How Connecticut’s Casino Deal Was Built

To understand how we got here, you have to go back to 1992. That’s when the Mashantucket Pequot tribe opened Foxwoods on sovereign land near the Ledyard and North Stonington border in New London County. The casino opened with table games only. Video slots came a year later after then-Gov. Lowell P. Weicker Jr. worked out a compact settling the state’s legal objections to those machines. The tribe’s end of the deal: hand over 25% of all video slot receipts to Connecticut. When the Mohegan tribe opened Mohegan Sun in 1996, it signed onto the same arrangement.

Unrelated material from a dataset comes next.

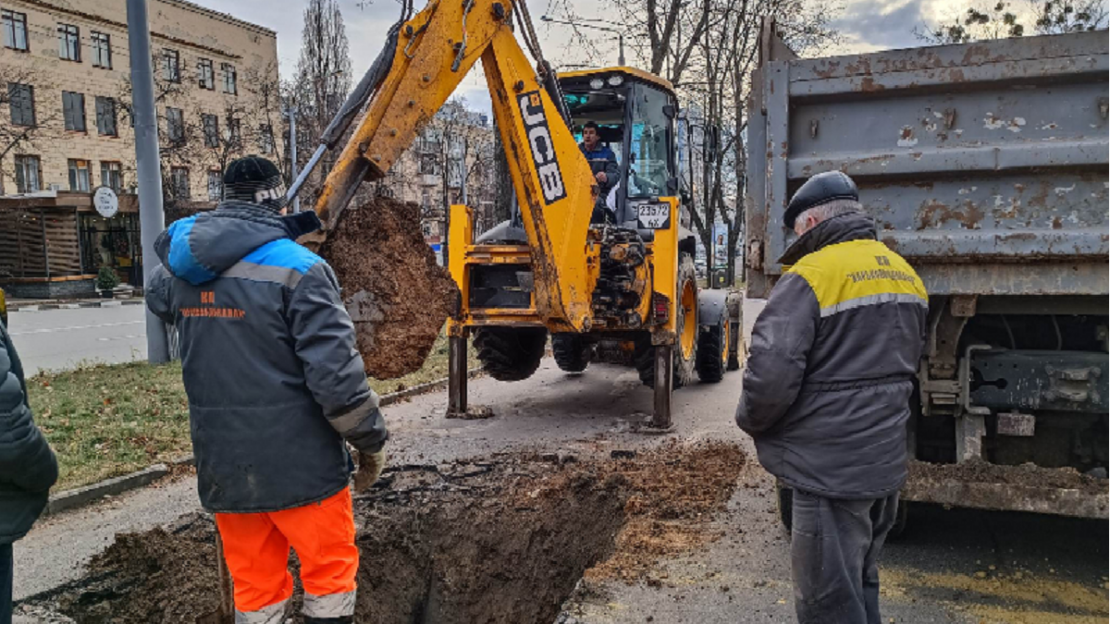 Новини Харкова: Аварія на водоводі в Шевченківському районі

Weicker, who was no fan of casinos, sold the deal on a specific premise. Gaming would drive up demand for social services, public safety, and housing support, all of which are delivered at the local level. Towns bore the costs, so towns should get the bulk of the revenue. That wasn’t a vague promise. When lawmakers built the budget for fiscal year 1993-94, they anticipated $113 million coming in from Foxwoods and committed 78% of that total to communities. The direct municipal share: $88.1 million. By 2002, that framework had started to collapse as the state began redirecting dollars it had once pledged to cities and towns.

Today, municipalities receive $52.5 million from a much larger revenue pool than existed in 1993. That’s the core of Passero’s argument. It’s not just that the dollar amount is lower than it should be. The share of the pie has shrunk while the pie itself got bigger.

The Surplus Argument

What makes the timing of this push notable is Connecticut’s current financial position. The state’s General Fund budget runs to $27.2 billion. The projected shortfall for the current cycle is $6 million, which amounts to about 1/40th of one percent of total spending. That’s not a crisis; it’s a rounding error. The state also maintains a budget reserve fund that has grown substantially, which municipal advocates are using to undercut any claim that the state can’t afford to restore what towns lost.

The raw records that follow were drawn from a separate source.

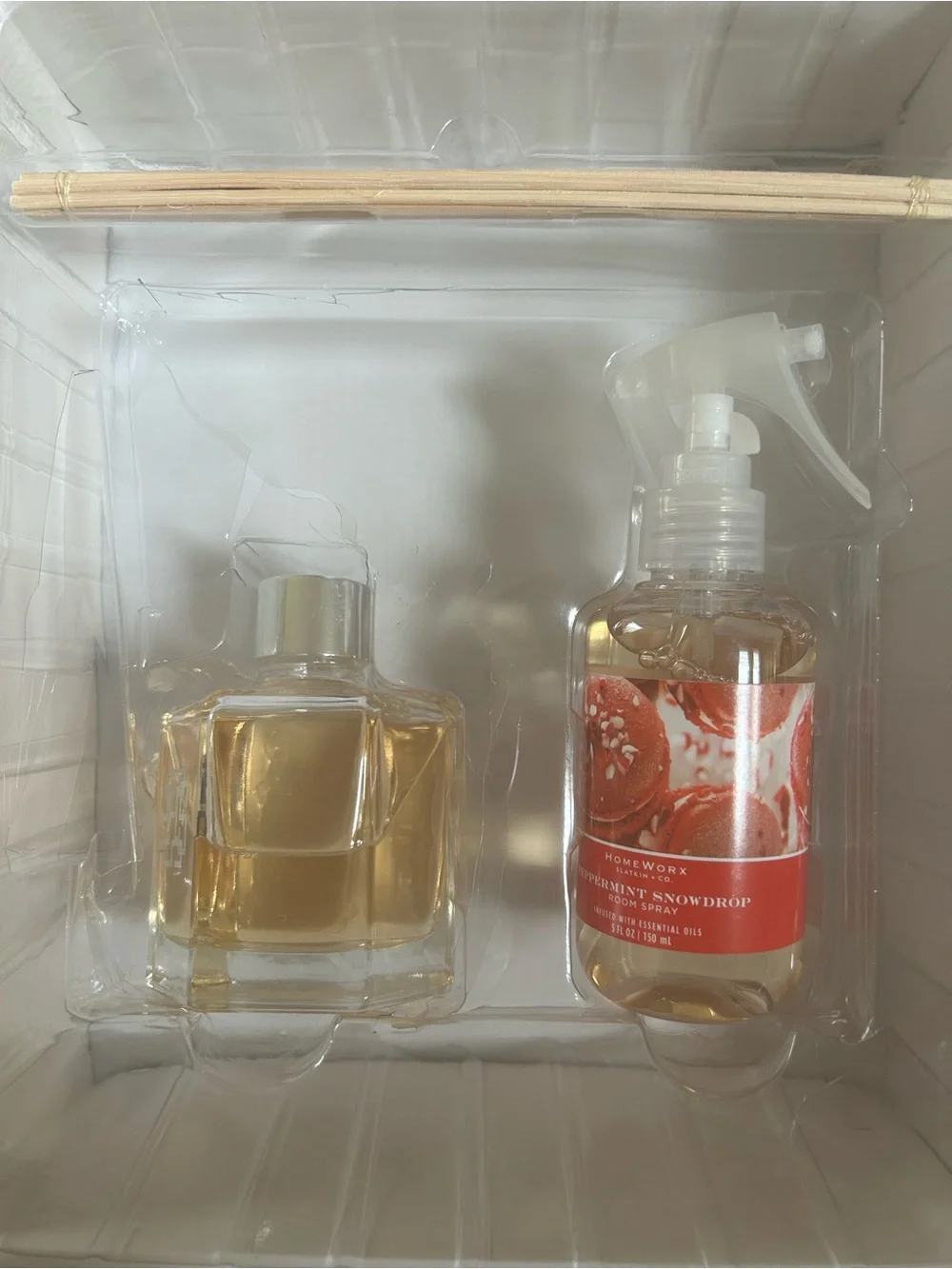 HomeWorx bt Slatkin & Co. Peppermint Snowdrop Reed Diffuser and Room Spray. New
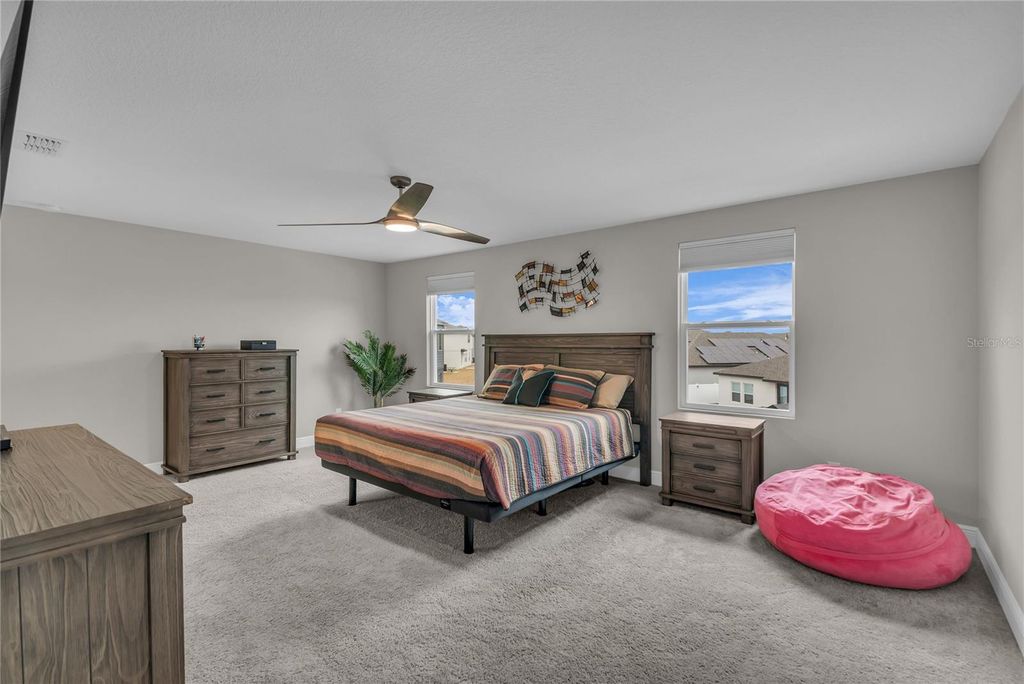 Image 27 of property listing at 2081 DERWENT DRIVE, Davenport, FL 33896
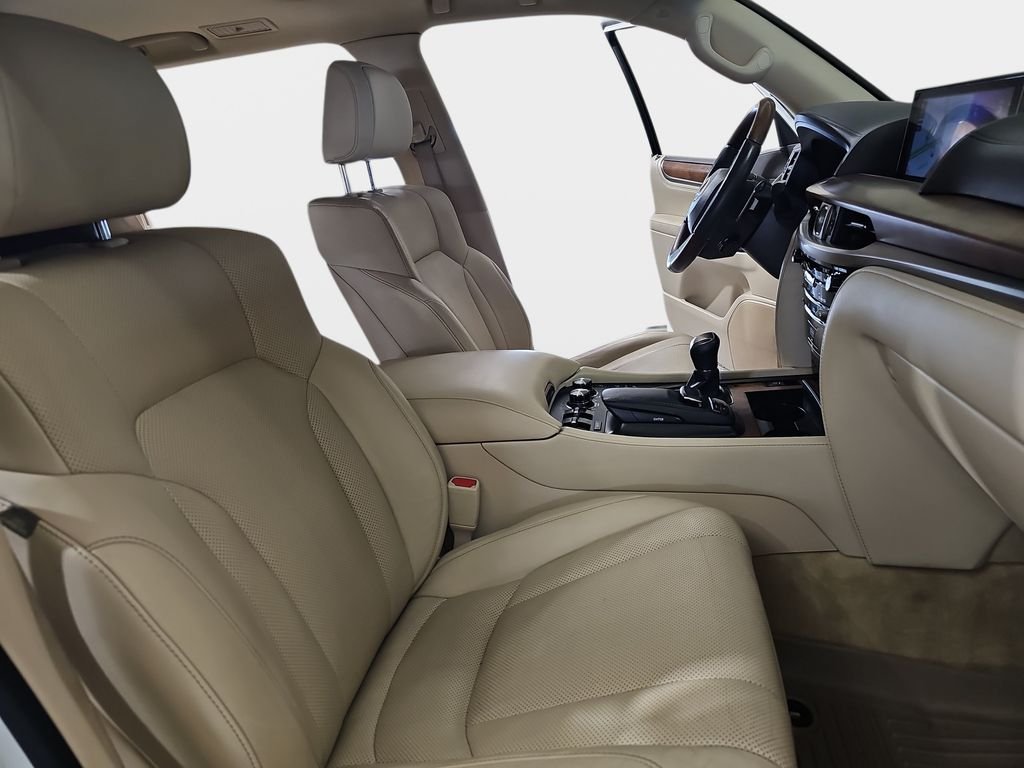 Used 2020 Lexus LX 570 4WD w/ Luxury Package image 12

Passero’s argument is straightforward: if Connecticut can’t find a way to honor the original commitment to municipalities when it’s running a $6 million gap on a $27 billion budget, it won’t do it when times get harder either. The political moment is now or it’s nowhere.

The push, covered this week by CT Mirror, comes as Lamont and the General Assembly are deep into negotiations over the fiscal year 2026 budget, with a June 30 deadline to get a spending plan in place. Municipal leaders are betting that pressure applied now, during the budget’s final weeks, carries more weight than advocacy submitted months earlier.

Whether the General Assembly bites is another question. Connecticut’s 94 municipalities that receive casino aid represent a broad enough constituency to matter politically, but the legislature has absorbed similar arguments before without acting. What’s different now, Passero and his allies contend, is that the state’s fiscal health has removed the most common excuse for inaction.